Further, in the lens system LS configured as shown in the part of FIG. 1, the variable power lens 1 is driven, as shown in FIG. 5, for a zooming operation, and at the same time, the movement of the position of the focus lens 2 is controlled so as to focus an object image on the imaging surface. In FIG. 5, the horizontal axis represents the variable power lens position (corresponding to focal length) and the vertical axis represents the focus lens position (corresponding to object distance), and the position of the focus lens 2 (focus lens position)is continuously plotted on an object distance-by-object distance basis, whereby the positional relationship between the variable power lens 1 and the focus lens 2 in the in-focus state is illustrated.
In the above-described lens control device, during the zooming operation, a trajectory of the focus lens position, which corresponds to the present object distance, is selected from those shown in FIG. 5, and the focus lens 2 is driven according to the trajectory, whereby a zooming operation with no blur is carried out.
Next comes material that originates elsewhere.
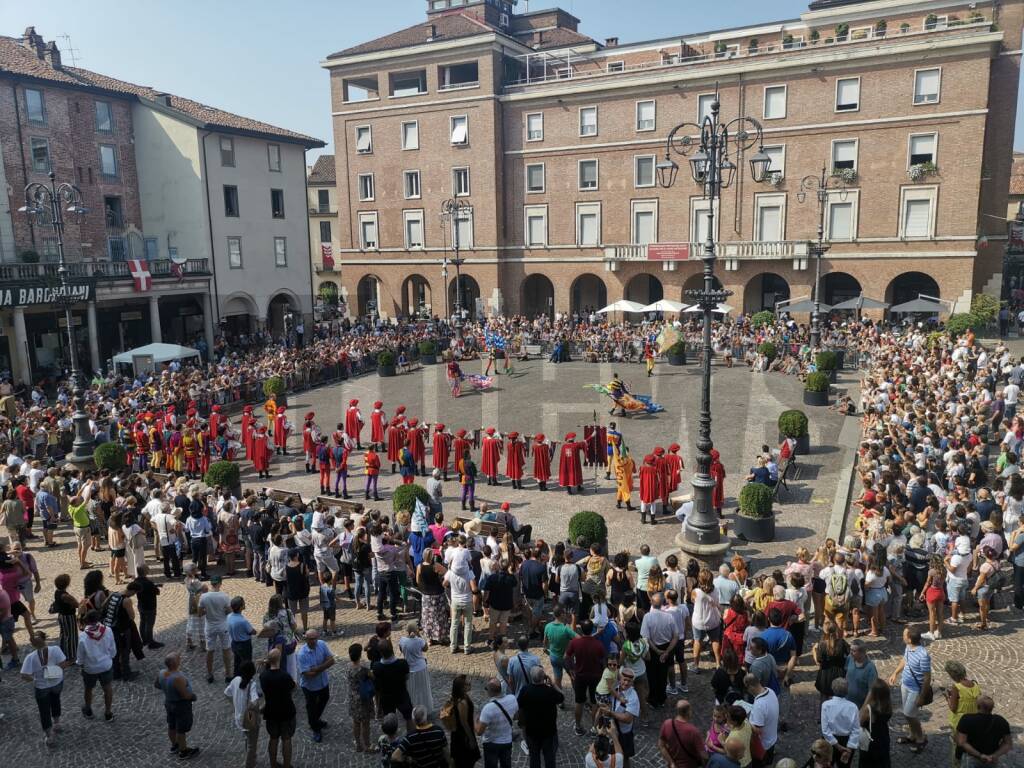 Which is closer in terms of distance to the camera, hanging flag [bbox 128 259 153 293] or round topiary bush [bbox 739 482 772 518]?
round topiary bush [bbox 739 482 772 518]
In general, in the image pickup apparatus using the above-described lens system LS, to cause the lens system LS to perform the zooming operation while maintaining the in-focus state of an object image, it is a general practice to store information on the trajectories (hereinafter referred to as the “cam trajectories”) as shown in FIG. 5 in advance in some form or other in a lens control microcomputer, and perform zooming by reading out trajectory information corresponding to the present position of the variable power lens 1 and moving the focus lens 2 based on the trajectory information.
Further, in the conventional image pickup apparatus, there has been proposed a method of storing in advance respective positions of the focus lens 2 where focus can be achieved at a plurality of positions of the variable power lens 1 spaced from each other, according to each object distance, and calculating a focus lens position where focus can be achieved at the current variable power lens position during the zooming operation, based on the relationship between the current position of the variable power lens 1 and a stored position of the variable power lens 1 adjacent to the current variable power lens position (see Japanese Patent Registration No. 02790812 and Japanese Patent Laid-Open Publication No. H09-005604).
However, in the above-described conventional method of calculating a focus lens position where focus can be achieved at the current variable power lens position using the stored variable power lens positions, each stored cam trajectory is limited to a range wherein the focus lens position can be set according to the zooming operation of the variable power lens 1.
More specifically, the conventionally proposed method is for calculating a focus lens position in a range from a wide-angle end to a telephoto end of the variable power lens position, and therefore cannot cope with e.g. a hatched area in FIG. 6, beyond the telephoto end.
Actually, however, the variable power lens position is sometimes displaced toward a super wide-angle position beyond the wide-angle end or toward a super telephoto position beyond the telephoto end, i.e. into the hatched area appearing in FIG. 6, due to a position control error of the variable power lens position, such as a stopping error of the variable power lens 1, an attitude error of the lens system, etc.
In this case, when the position control of the focus lens 2 is performed by the above-described conventional method, since there is no cam trajectory at the super telephoto position, a focus lens position associated with the stored telephoto end has to be selected. That is, if the degree of the stop position error of the variable power lens 1 is large, it is impossible to achieve focus when zoomed to the vicinity of the telephoto end. The same problem also occurs with the wide-angle side.